Trump says Bolton is a liar, but the Bolton claims fit with Trump’s penchant for personalized, ad hoc diplomacy meant to burnish his reelection odds. The Bolton book itself may now complicate Trump’s effort to claim victory in his trade negotiations with China. “Bolton’s revelations create incentives for Trump to prove that he is strong against China and for Beijing not to be perceived as aiding his reelection,” Eurasia Group analysts wrote on June 18. They think there’s a 40% chance the phase one deal will collapse by Election Day, with a 60% chance it will survive.
Trump’s antipathy toward China might suggest Xi and his comrades would like to see Trump lose in November. But some analysts think the Chinese hope for another four years of Trump, because they think his America first strategy is wrecking longstanding alliances and weakening America’s global influence. Trump’s Democratic rival Joe Biden, by contrast, might repair tattered alliances and try to rally friendly nations to unite in an effort to contain China, which aspires to be a world superpower. So China might think it’s worth enduring Trump’s trade fights because there’s more to gain from America’s shrinking role in the world.
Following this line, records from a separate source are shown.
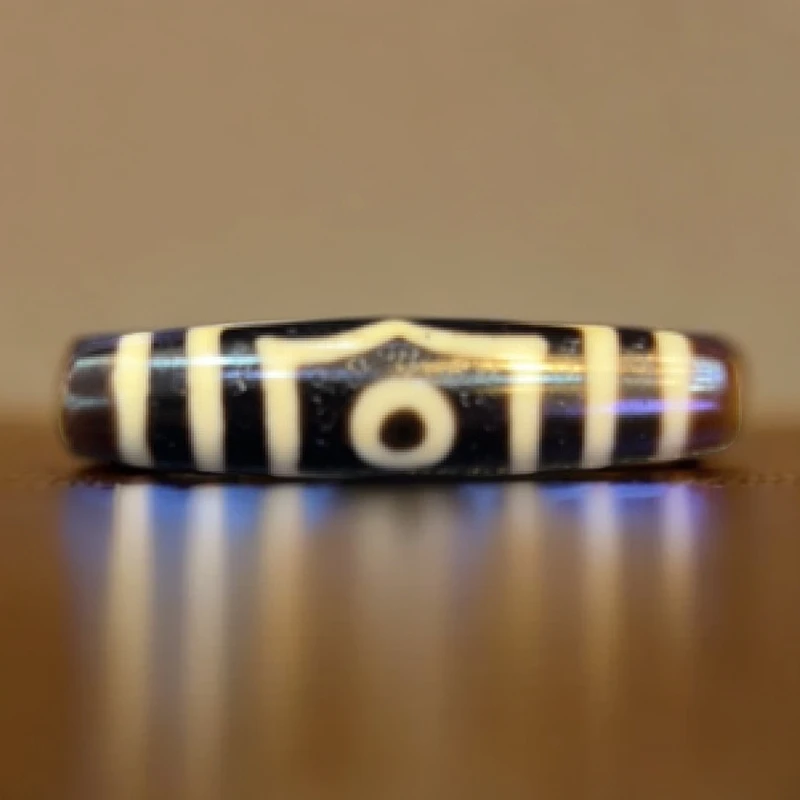 【建成牙黄宝盖三眼玛瑙珠长50】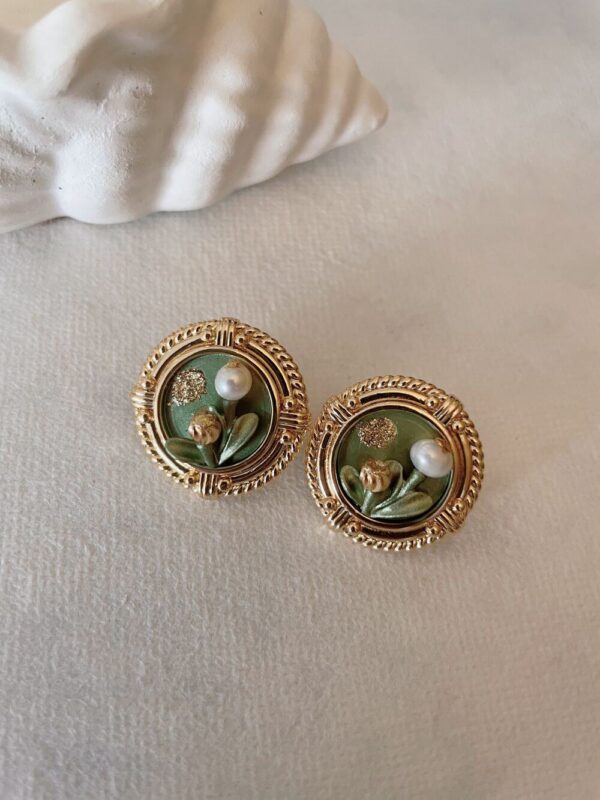 Love Poetry French Retro Earrings - Image 2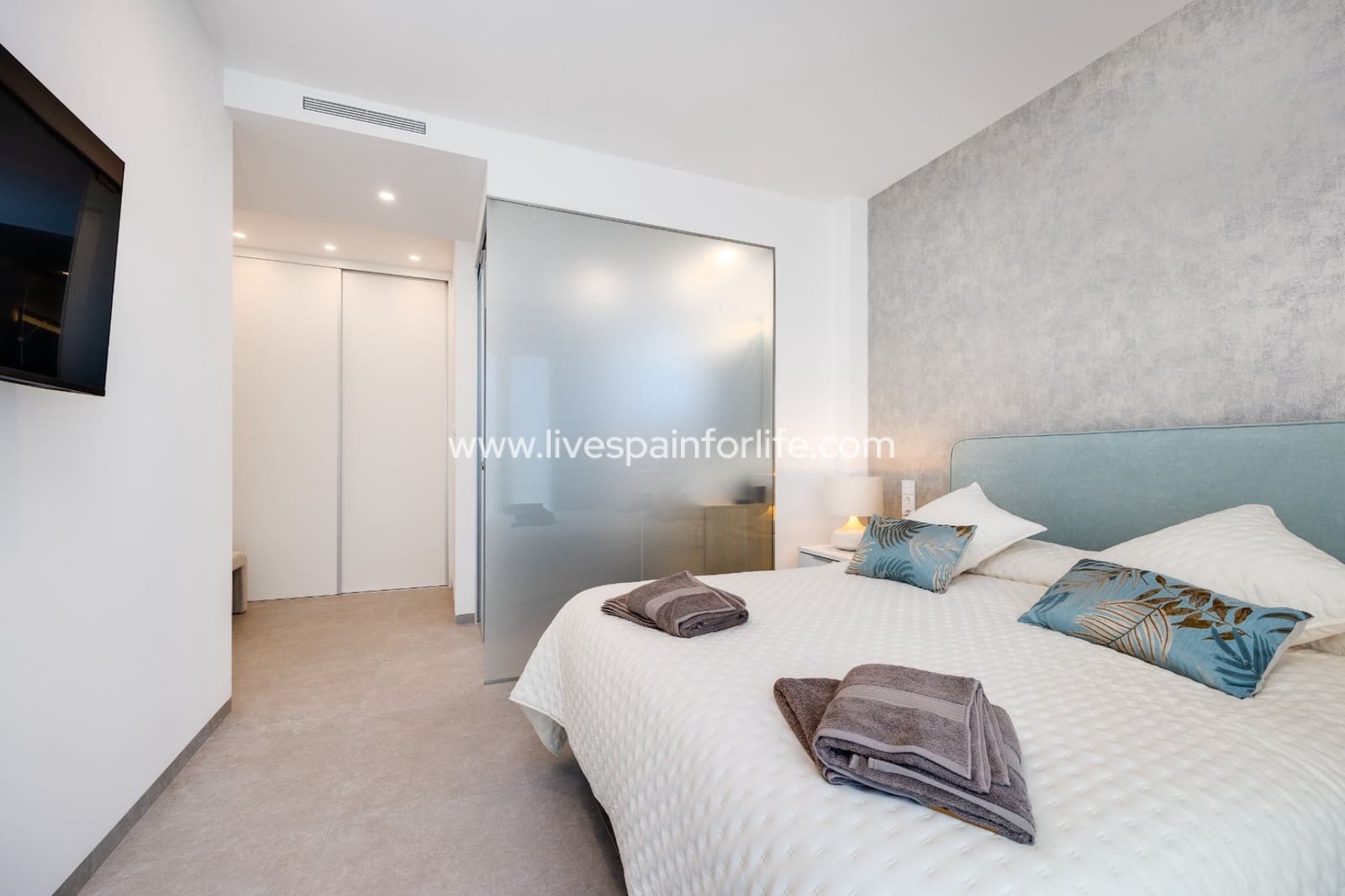 2 makuuhuone Huoneisto myytävänä paikassa Las Colinas Golf mukana uima-altaan - 449 000 € (Ref: 9730423)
Trump could still win the U.S. farm vote in November. While his trade war cut sharply into agricultural exports, federal subsidies meant to offset the cost of the trade war led to a modest increase in overall farm income in 2019. Federal subsidies are available this year, as well. Farmers say they want markets, not bailouts, but they may not particularly care what John Bolton has to say about them.